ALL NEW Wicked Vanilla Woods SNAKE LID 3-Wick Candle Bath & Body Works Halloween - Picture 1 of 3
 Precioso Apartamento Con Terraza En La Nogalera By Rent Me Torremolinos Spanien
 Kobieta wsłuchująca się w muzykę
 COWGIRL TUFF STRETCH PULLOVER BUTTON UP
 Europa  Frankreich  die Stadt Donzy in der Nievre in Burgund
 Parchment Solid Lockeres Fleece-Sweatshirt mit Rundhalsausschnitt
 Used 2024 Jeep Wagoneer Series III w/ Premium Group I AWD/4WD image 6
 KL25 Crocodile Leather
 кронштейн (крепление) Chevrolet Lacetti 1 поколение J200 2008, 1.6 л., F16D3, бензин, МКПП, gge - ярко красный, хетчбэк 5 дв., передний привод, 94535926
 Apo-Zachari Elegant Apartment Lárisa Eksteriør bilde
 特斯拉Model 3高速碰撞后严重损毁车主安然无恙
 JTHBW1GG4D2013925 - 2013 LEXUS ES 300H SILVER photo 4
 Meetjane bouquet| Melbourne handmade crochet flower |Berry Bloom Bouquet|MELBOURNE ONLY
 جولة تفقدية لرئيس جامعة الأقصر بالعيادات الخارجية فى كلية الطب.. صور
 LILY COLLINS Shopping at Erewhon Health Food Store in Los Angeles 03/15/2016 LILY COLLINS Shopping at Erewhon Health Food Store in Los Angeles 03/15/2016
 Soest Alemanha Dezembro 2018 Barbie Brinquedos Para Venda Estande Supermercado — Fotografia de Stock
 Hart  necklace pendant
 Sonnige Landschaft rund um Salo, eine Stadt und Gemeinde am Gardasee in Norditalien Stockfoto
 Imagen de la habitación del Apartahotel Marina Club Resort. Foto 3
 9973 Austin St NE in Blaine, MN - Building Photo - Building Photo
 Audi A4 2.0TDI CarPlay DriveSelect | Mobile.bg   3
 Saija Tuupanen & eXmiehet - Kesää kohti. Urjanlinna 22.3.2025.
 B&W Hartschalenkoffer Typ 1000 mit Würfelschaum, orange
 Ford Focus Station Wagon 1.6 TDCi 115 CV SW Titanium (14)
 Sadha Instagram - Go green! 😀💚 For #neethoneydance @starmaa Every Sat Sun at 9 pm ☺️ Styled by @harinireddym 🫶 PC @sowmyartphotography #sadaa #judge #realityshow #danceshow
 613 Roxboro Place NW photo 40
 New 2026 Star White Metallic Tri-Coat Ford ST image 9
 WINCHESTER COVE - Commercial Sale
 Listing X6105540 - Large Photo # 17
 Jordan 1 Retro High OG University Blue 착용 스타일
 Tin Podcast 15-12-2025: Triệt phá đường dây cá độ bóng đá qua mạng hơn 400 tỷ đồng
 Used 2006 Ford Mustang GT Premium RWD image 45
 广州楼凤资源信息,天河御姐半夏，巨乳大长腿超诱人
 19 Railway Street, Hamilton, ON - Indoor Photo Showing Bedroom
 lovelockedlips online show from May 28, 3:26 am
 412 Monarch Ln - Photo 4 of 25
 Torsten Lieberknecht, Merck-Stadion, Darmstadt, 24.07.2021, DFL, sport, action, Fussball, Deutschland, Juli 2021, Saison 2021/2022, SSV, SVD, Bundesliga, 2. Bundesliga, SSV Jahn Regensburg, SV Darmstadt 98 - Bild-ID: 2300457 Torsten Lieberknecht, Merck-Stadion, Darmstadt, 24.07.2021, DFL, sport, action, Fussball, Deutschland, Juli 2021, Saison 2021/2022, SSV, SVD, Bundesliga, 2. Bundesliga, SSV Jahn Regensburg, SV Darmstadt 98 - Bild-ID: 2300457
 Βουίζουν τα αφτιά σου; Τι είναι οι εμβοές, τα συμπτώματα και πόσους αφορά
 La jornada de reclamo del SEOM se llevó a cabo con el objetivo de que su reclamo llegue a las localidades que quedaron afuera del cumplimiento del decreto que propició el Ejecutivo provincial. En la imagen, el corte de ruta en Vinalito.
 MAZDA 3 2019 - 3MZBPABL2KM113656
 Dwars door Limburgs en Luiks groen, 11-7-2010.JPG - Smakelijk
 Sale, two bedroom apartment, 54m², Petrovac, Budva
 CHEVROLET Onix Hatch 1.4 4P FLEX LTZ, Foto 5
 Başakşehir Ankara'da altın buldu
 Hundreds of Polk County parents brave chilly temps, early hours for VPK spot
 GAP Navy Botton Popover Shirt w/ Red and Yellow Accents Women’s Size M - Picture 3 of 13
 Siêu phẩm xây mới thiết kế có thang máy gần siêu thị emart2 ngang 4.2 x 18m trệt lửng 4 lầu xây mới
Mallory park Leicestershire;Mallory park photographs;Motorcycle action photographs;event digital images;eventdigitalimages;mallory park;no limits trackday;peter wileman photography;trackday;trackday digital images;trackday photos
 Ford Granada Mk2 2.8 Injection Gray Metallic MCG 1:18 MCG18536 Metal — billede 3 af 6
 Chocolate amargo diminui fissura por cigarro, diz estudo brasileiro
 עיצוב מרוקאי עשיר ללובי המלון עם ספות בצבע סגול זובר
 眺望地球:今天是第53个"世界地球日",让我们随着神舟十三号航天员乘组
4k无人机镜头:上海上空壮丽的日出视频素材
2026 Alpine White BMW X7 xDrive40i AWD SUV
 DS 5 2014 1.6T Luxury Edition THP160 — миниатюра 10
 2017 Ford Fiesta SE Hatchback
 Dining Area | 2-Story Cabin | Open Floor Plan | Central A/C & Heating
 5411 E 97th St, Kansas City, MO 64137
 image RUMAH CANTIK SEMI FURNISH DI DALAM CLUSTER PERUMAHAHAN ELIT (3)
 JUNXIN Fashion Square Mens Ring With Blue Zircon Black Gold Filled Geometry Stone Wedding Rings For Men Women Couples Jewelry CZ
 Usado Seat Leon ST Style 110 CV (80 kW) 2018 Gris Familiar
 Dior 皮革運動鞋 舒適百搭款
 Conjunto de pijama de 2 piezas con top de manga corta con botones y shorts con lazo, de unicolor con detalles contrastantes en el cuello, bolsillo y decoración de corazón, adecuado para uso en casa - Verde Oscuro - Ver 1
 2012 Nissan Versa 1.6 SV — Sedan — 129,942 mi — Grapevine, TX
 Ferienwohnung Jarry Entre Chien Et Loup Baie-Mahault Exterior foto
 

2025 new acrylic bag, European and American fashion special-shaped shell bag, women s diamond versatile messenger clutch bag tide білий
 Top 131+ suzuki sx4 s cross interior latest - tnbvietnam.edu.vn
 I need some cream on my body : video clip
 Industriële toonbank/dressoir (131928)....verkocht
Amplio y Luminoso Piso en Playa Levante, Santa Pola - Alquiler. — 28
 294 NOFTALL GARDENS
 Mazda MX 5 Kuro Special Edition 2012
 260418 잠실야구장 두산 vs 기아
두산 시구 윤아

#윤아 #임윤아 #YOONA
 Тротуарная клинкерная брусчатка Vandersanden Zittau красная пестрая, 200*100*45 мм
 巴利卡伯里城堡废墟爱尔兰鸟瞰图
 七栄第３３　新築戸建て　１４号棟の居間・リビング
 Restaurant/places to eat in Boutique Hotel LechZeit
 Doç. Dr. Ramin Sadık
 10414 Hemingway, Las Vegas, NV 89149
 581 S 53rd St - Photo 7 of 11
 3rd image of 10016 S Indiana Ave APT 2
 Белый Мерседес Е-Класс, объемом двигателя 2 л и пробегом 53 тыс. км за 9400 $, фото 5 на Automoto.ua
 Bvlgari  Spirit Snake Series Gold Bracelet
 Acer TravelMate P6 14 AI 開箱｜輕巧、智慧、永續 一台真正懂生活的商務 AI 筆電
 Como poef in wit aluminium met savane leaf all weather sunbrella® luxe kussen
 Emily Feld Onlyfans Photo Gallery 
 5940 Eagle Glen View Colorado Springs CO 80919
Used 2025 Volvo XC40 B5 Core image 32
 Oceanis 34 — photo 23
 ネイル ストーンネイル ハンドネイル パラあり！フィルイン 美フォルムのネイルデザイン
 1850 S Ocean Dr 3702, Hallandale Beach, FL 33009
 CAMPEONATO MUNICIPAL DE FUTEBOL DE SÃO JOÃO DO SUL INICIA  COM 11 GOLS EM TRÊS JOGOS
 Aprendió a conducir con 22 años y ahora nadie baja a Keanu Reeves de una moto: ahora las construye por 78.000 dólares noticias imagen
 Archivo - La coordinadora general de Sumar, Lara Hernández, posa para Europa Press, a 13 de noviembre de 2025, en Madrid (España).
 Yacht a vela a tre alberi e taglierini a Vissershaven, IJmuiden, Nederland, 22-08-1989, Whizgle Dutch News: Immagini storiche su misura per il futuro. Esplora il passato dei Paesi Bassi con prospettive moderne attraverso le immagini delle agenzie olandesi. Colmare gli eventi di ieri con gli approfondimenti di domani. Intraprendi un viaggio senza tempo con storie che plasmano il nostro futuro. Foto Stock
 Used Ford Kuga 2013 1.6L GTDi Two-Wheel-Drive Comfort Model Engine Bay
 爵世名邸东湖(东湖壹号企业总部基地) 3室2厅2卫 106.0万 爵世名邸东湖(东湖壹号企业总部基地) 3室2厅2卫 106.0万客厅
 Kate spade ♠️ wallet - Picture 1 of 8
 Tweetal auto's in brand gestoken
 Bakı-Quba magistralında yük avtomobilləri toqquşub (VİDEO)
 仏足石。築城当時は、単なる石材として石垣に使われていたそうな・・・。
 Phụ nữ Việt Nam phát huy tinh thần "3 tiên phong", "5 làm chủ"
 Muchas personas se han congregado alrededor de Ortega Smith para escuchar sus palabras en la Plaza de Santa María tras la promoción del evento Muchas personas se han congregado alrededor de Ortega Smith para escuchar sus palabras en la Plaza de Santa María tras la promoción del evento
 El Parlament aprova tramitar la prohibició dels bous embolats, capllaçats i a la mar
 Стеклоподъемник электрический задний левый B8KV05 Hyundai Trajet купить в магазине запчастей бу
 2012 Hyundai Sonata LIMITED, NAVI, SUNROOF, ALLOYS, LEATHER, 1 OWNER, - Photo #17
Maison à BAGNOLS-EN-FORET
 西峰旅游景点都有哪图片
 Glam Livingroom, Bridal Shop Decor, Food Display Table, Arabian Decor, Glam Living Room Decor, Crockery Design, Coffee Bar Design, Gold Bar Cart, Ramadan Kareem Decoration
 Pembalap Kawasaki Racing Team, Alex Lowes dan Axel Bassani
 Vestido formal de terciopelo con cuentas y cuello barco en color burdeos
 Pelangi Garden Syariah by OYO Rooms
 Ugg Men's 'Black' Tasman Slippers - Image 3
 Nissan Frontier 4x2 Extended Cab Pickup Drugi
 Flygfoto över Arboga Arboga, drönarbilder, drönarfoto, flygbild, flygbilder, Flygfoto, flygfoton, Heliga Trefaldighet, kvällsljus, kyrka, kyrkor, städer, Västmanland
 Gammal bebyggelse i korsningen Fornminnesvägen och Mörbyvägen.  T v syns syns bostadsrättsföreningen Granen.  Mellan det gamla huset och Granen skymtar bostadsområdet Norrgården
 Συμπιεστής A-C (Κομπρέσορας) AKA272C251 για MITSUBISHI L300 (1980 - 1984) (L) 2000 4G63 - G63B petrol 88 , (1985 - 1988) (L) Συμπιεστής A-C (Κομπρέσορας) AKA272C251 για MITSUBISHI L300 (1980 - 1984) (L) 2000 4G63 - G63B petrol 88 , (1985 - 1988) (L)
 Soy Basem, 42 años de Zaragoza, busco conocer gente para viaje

> _Aim of the task_:
Your task is to repeat the records exactly. Begin at their first line and stop after the line containing "Parchment Solid Lockeres".

> _Exercise result_:
ALL NEW Wicked Vanilla Woods SNAKE LID 3-Wick Candle Bath & Body Works Halloween - Picture 1 of 3
 Precioso Apartamento Con Terraza En La Nogalera By Rent Me Torremolinos Spanien
 Kobieta wsłuchująca się w muzykę
 COWGIRL TUFF STRETCH PULLOVER BUTTON UP
 Europa  Frankreich  die Stadt Donzy in der Nievre in Burgund
 Parchment Solid Lockeres Fleece-Sweatshirt mit Rundhalsausschnitt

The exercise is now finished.